Last week our congregation at church took a test together. The test was about reflecting and inspecting our lives from a spiritual ( Christian ) perspective. As I was preparing the test and message earlier that week for the message last night I found it to be very convicting. There were 12 questions that were asked in the test, but one that really stuck out to me. The question was, “Are you wanting to quit?”. That particular question didn’t stick out to me because I am struggling to keep going day after day, but I know so many people that are facing that issue right now. I would also like to be clear that I am not perfect in this area either. If we’re honest with one another, we have all probably struggled with quitting in some fashion at one time or another.
I remember as a young married man in the ministry, working a second job, and still going to school full time thinking about how much easier things would have been if I just quit something. In fact, I still look back from time to time and have no idea how I pulled everything off during that time of my life. At night, I was working in the international hub at Fed Ex in Memphis. I would go in around 10pm and get off around 4am. Every night I would have to ride the bus from one parking lot over to the hub building. It’s the same thing thousands of people still do every night at that hub today. Surrounded by 50 other people on a bus, I had never felt lonelier in my life at that point. For me, it was miserable because I was so fatigued physically that I wanted to do nothing. Yet, every morning I would be back in class at 7:30am and then off to the church where I served for the rest of the afternoon. Afterwards, I would arrive home around 5 or 6pm, spend a few hours with my new bride, and back for my nightly work at Fed Ex. Yes, there was a long stretch of time at the beginning of our marriage where I only got 3.5 to 4.5 hours of sleep a night. ( You read correctly ).
With all that said, there were so many times I thought about quitting, but I kept going. The big question was, “What kept me going?”. It was love for Jesus and love for my new bride. God had provided more for me than I could ever attempt to repay, and I had the honor of providing for my wife. It was my God-given duty, no my privilege to provide for her. So, with God’s help each day He helped me to muster up enough strength and character to keep going.

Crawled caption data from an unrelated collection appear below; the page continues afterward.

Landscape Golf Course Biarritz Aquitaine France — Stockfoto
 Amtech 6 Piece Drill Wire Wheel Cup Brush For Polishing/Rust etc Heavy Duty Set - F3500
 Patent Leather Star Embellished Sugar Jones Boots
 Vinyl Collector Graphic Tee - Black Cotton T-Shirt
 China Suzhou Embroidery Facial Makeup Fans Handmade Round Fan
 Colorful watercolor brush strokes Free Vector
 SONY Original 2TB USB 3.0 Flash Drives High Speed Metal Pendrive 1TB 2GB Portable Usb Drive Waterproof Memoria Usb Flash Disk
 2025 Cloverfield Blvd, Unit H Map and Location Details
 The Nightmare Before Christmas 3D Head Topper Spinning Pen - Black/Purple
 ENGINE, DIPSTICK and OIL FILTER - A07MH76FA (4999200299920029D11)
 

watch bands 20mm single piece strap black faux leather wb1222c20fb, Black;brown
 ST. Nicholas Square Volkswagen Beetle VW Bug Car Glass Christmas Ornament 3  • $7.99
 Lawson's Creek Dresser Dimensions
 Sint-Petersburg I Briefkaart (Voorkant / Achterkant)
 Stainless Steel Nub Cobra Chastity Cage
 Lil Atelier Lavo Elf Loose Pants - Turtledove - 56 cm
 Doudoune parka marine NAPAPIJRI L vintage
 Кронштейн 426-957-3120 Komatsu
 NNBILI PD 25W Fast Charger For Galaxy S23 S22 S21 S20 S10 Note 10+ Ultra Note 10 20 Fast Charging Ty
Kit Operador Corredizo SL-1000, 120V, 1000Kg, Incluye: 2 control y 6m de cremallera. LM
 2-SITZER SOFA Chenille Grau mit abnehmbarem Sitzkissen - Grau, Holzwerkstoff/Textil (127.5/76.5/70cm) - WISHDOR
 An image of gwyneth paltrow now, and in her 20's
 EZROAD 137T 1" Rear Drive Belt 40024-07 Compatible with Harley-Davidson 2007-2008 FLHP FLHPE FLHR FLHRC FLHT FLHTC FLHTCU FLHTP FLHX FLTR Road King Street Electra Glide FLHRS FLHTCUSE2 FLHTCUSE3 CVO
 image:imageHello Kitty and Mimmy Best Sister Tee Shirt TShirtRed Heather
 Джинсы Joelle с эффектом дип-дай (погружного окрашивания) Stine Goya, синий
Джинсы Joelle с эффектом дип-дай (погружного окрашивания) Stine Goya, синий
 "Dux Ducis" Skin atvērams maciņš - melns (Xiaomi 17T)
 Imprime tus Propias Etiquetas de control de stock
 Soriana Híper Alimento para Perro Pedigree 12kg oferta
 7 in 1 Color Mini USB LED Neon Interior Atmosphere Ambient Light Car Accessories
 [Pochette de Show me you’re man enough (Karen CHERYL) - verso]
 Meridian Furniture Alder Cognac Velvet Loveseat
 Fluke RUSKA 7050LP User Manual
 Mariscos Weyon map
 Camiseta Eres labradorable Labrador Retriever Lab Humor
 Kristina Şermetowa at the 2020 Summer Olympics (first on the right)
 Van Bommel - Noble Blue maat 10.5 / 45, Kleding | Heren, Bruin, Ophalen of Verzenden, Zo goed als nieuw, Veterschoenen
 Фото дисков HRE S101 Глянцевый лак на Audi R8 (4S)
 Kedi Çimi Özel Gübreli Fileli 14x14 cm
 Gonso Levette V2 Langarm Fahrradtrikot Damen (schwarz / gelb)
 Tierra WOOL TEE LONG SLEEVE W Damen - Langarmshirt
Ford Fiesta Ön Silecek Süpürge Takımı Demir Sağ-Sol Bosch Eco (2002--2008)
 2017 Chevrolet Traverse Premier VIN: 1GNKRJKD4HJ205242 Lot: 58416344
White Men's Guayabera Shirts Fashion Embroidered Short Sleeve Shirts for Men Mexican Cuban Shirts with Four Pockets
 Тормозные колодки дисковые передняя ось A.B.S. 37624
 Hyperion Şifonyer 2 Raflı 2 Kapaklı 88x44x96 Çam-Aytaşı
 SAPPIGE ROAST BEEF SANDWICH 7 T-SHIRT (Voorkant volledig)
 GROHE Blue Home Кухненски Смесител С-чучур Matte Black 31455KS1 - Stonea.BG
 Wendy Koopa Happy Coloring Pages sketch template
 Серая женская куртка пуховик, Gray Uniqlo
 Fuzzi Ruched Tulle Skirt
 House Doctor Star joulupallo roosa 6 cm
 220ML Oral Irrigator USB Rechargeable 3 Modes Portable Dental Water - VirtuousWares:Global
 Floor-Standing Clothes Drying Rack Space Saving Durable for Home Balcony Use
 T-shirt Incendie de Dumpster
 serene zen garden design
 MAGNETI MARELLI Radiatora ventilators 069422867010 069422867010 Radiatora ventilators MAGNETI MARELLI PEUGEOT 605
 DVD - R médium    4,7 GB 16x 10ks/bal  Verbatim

Yes, there were times that humanly I was miserable because fatigue would set in, but I look back on those days now and see what God was building within my life, my family, and my ministry. The things He was building within me were priceless. I could not have learned them any other way, but through the experience God took me through. Reading about an experience like that would not have been the same. Hearing someone else’s experience close to that would not have been the same. The way God chose to work in my life was through experiencing those difficult times and letting Him instill the discipline within me to keep on keeping on.
If you’re thinking about quitting today I want to encourage you to keep on going. Someone may be asking is striving to be more Christ-like really worth it? I striving to honor God really worth the time and effort? Is taking time to be committed to serving at church getting me anywhere? The truth is this. We don’t keep going because we have had some great success, or already obtained perfection in these areas of our lives. We keep on going because we come to the point that we realize ANY struggle, ANY difficulty, ANY hardship we face in life, with God’s involvement in our life is FAR better than a smooth sailing day without Him. We keep going because God is so wonderful that we desire to be more like Him, and we desire to please Him because we love Him.
I think sometimes we give in and give up right before the blessings God brings. Today, if you have your eyes on yourself and your own strength it is very likely that you will soon run out of gas and QUIT. However, if we have our eyes on Christ, and we rest and trust in His strength ( and not our own ) you will come to understand that there is power in Him. You will “run and not be weary”. God will keep you going even when you don’t want to go. It’s not about our happiness. It’s not about our comfort. It’s not about even living or having the “good life”. It’s about a relationship with Jesus!